May I please have every record restated word for word, with the images left out?

|---|

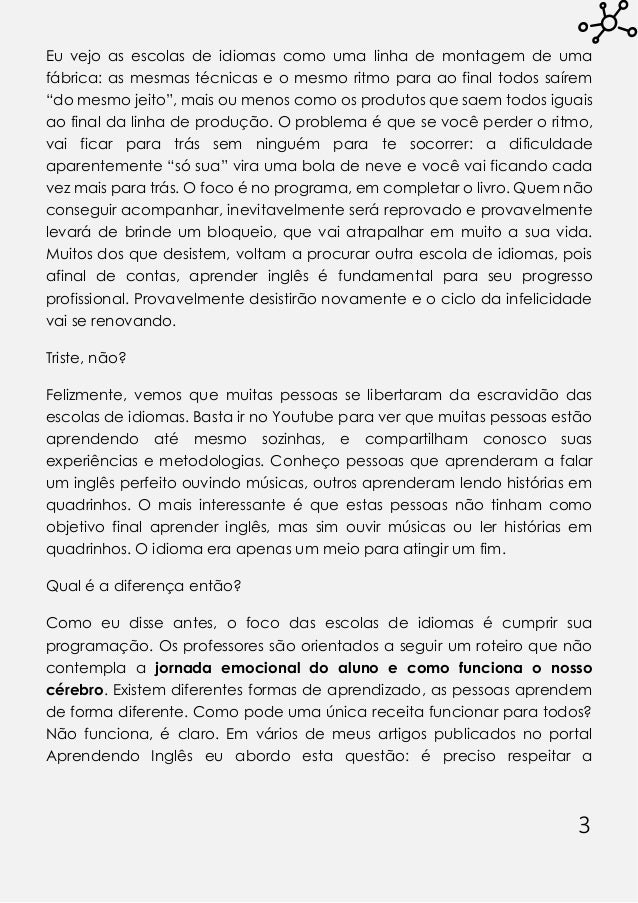 3
Eu vejo as escolas de idiomas como uma linha de montagem de uma
fábrica: as mesmas técnicas e o mesmo ritmo para ao final todos saírem
“do mesmo jeito”, mais ou menos como os produtos que saem todos iguais
ao final da linha de produção. O problema é que se você perder o ritmo,
vai ficar para trás sem ninguém para te socorrer: a dificuldade
aparentemente “só sua” vira uma bola de neve e você vai ficando cada
vez mais para trás. O foco é no programa, em completar o livro. Quem não
conseguir acompanhar, inevitavelmente será reprovado e provavelmente
levará de brinde um bloqueio, que vai atrapalhar em muito a sua vida.
Muitos dos que desistem, voltam a procurar outra escola de idiomas, pois
afinal de contas, aprender inglês é fundamental para seu progresso
profissional. Provavelmente desistirão novamente e o ciclo da infelicidade
vai se renovando.
Triste, não?
Felizmente, vemos que muitas pessoas se libertaram da escravidão das
escolas de idiomas. Basta ir no Youtube para ver que muitas pessoas estão
aprendendo até mesmo sozinhas, e compartilham conosco suas
experiências e metodologias. Conheço pessoas que aprenderam a falar
um inglês perfeito ouvindo músicas, outros aprenderam lendo histórias em
quadrinhos. O mais interessante é que estas pessoas não tinham como
objetivo final aprender inglês, mas sim ouvir músicas ou ler histórias em
quadrinhos. O idioma era apenas um meio para atingir um fim.
Qual é a diferença então?
Como eu disse antes, o foco das escolas de idiomas é cumprir sua
programação. Os professores são orientados a seguir um roteiro que não
contempla a jornada emocional do aluno e como funciona o nosso
cérebro. Existem diferentes formas de aprendizado, as pessoas aprendem
de forma diferente. Como pode uma única receita funcionar para todos?
Não funciona, é claro. Em vários de meus artigos publicados no portal
Aprendendo Inglês eu abordo esta questão: é preciso respeitar a
 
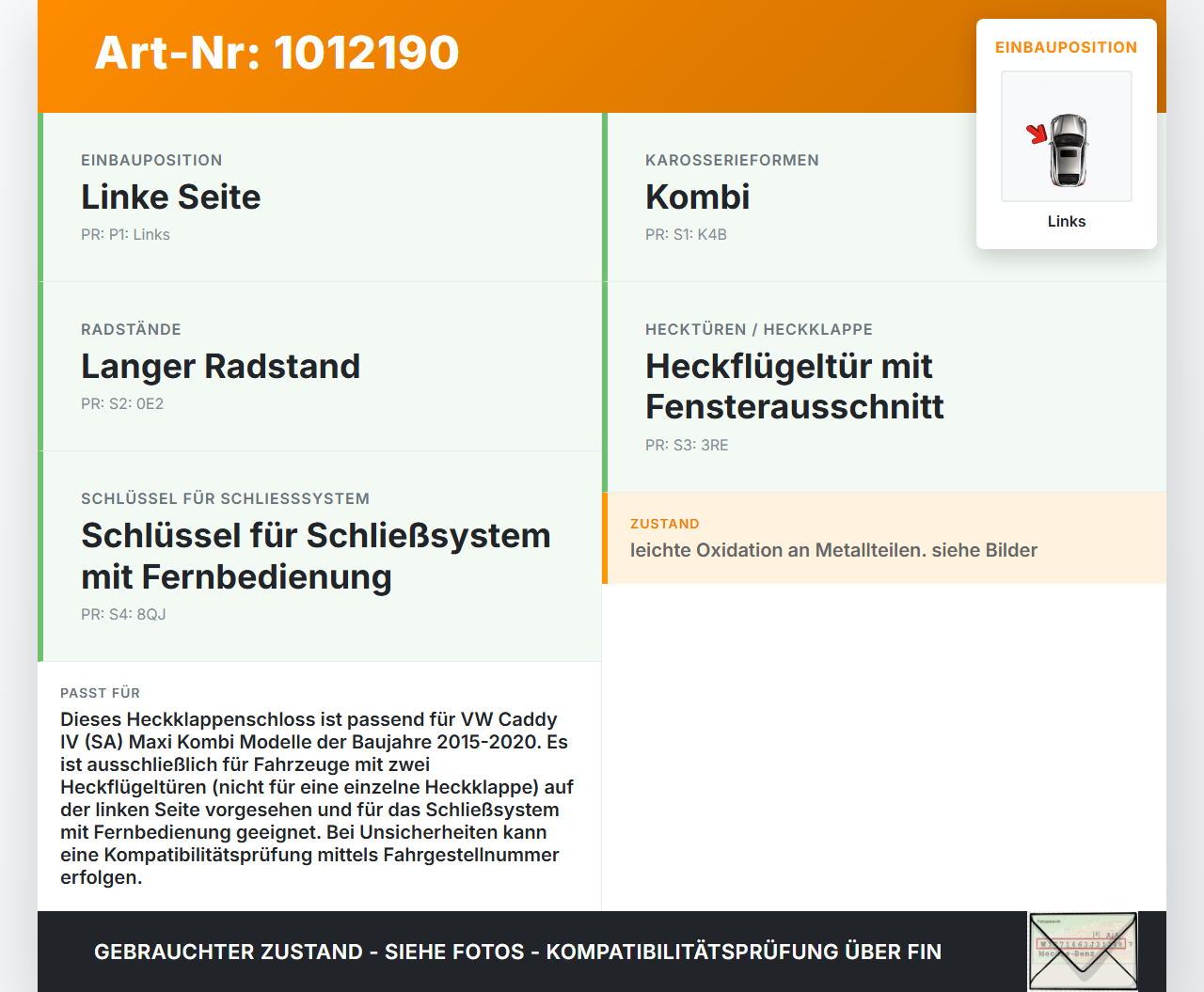 VW Caddy SA IV 15-20 Kombi Schloss f. Heckklappe Heckklappenschloss Verriegelung Links VW Caddy SA IV 15-20... Vorschau 3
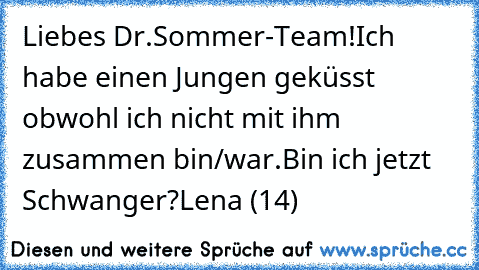 Liebes Dr.Sommer-Team!
Ich habe einen Jungen geküsst obwohl ich nicht mit ihm zusammen bin/war.
Bin ich jetzt Schwanger?
Lena (14)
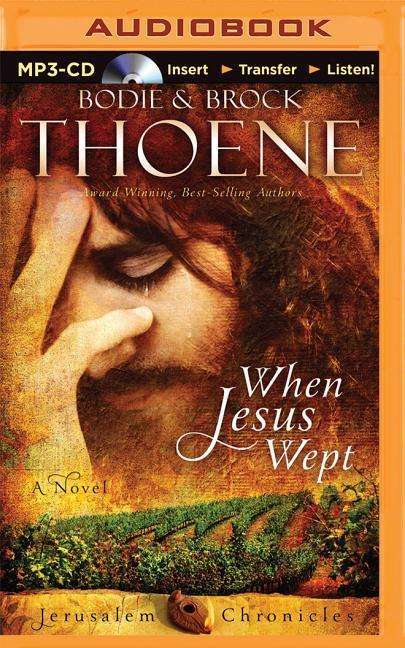 Cover for Bodie Thoene · When Jesus Wept (MP3-CD) (2015)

|---|

### Completed task
 3
Eu vejo as escolas de idiomas como uma linha de montagem de uma
fábrica: as mesmas técnicas e o mesmo ritmo para ao final todos saírem
“do mesmo jeito”, mais ou menos como os produtos que saem todos iguais
ao final da linha de produção. O problema é que se você perder o ritmo,
vai ficar para trás sem ninguém para te socorrer: a dificuldade
aparentemente “só sua” vira uma bola de neve e você vai ficando cada
vez mais para trás. O foco é no programa, em completar o livro. Quem não
conseguir acompanhar, inevitavelmente será reprovado e provavelmente
levará de brinde um bloqueio, que vai atrapalhar em muito a sua vida.
Muitos dos que desistem, voltam a procurar outra escola de idiomas, pois
afinal de contas, aprender inglês é fundamental para seu progresso
profissional. Provavelmente desistirão novamente e o ciclo da infelicidade
vai se renovando.
Triste, não?
Felizmente, vemos que muitas pessoas se libertaram da escravidão das
escolas de idiomas. Basta ir no Youtube para ver que muitas pessoas estão
aprendendo até mesmo sozinhas, e compartilham conosco suas
experiências e metodologias. Conheço pessoas que aprenderam a falar
um inglês perfeito ouvindo músicas, outros aprenderam lendo histórias em
quadrinhos. O mais interessante é que estas pessoas não tinham como
objetivo final aprender inglês, mas sim ouvir músicas ou ler histórias em
quadrinhos. O idioma era apenas um meio para atingir um fim.
Qual é a diferença então?
Como eu disse antes, o foco das escolas de idiomas é cumprir sua
programação. Os professores são orientados a seguir um roteiro que não
contempla a jornada emocional do aluno e como funciona o nosso
cérebro. Existem diferentes formas de aprendizado, as pessoas aprendem
de forma diferente. Como pode uma única receita funcionar para todos?
Não funciona, é claro. Em vários de meus artigos publicados no portal
Aprendendo Inglês eu abordo esta questão: é preciso respeitar a
 
 VW Caddy SA IV 15-20 Kombi Schloss f. Heckklappe Heckklappenschloss Verriegelung Links VW Caddy SA IV 15-20... Vorschau 3
 Liebes Dr.Sommer-Team!
Ich habe einen Jungen geküsst obwohl ich nicht mit ihm zusammen bin/war.
Bin ich jetzt Schwanger?
Lena (14)
 Cover for Bodie Thoene · When Jesus Wept (MP3-CD) (2015)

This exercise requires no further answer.